After having failed to get New York’s Scaffold Law amended by the Legislature, a business coalition has filed an equal protection lawsuit. The Scaffold Law, which is a kind of Employer Liability Act that dates to 1885, makes a general contractor or owner strictly liable for construction site falls. It is claimed the law adds $10,000 or more to the price of a new home because of higher insurance premiums paid by contractors. This is probably true. In 1980, the New York Legislature conditionally exempted owners of one- and two-family homes from the law, but not contractors building them. Even if the law did not apply to construction of single-family homes at all, if a contractor did any multi-unit or commercial construction, his insurance premiums would reflect the added risk and constitute an increased cost of business that must be recovered from customers.

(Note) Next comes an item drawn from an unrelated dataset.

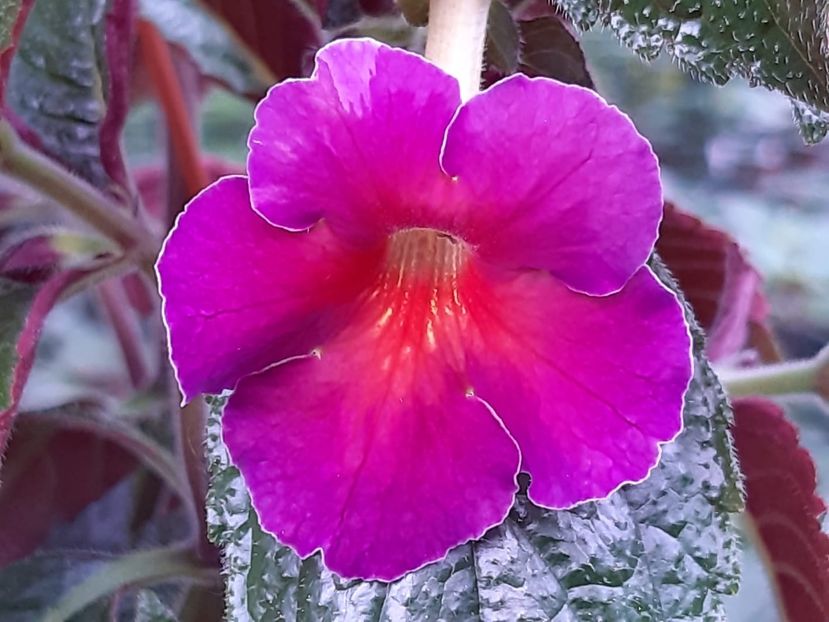 BriD’s Manjana - Achimenes și kohleria 2019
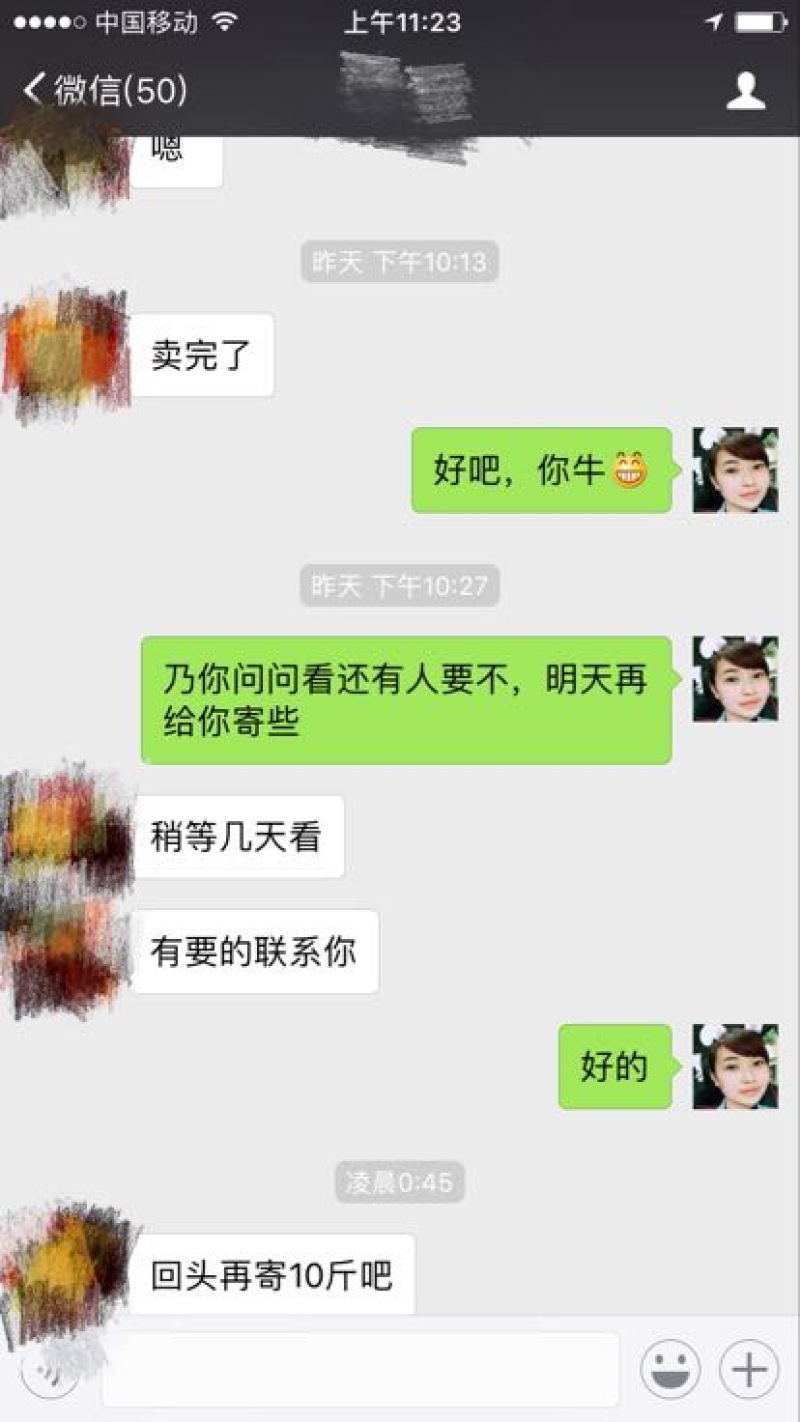 柿饼1~2两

Here is a link to some history about the Scaffold Law, including a failed attempt to amend it earlier this decade to establish compliance with OSHA regulations as a defense. Under that attempted revision of the law, it would have retained the essential characteristic of Employer Liability laws: vicarious liability of the general contractor or owner for the acts of its subcontractors, but would have reintroduced reasonableness of the employer’s conduct as a standard of care on a limited basis, a doctrine that was driven out of the law in court ruling from the 1920s to the 1940s. Although opponents of the amendments called them a rollback to 1897, the year the negligence standard was removed from the act and strict liability began, another way to look at it is that employers and owners would have remained insurers for workplace accidents, except when they can establish compliance with all workplace safety regulations. If the object of the Scaffold Law is to protect a particularly vulnerable class of workers — those who work at heights under poorly organized conditions, often for unstable or sloppy construction businesses — requiring an employer to show that those concerns have been satisfied would constitute fulfillment of the law. In addition, a true no-fault insurance coverage system — Workers Comp — exists to take care of workplace injuries.
However, ultimately the Legislature did not see it that way, and I’m skeptical of attempts to get judges to change the will of the people’s representatives, or that the law constitutes lack of equal protection or a violation of the Commerce Clause. I guess we’ll have to wait and see.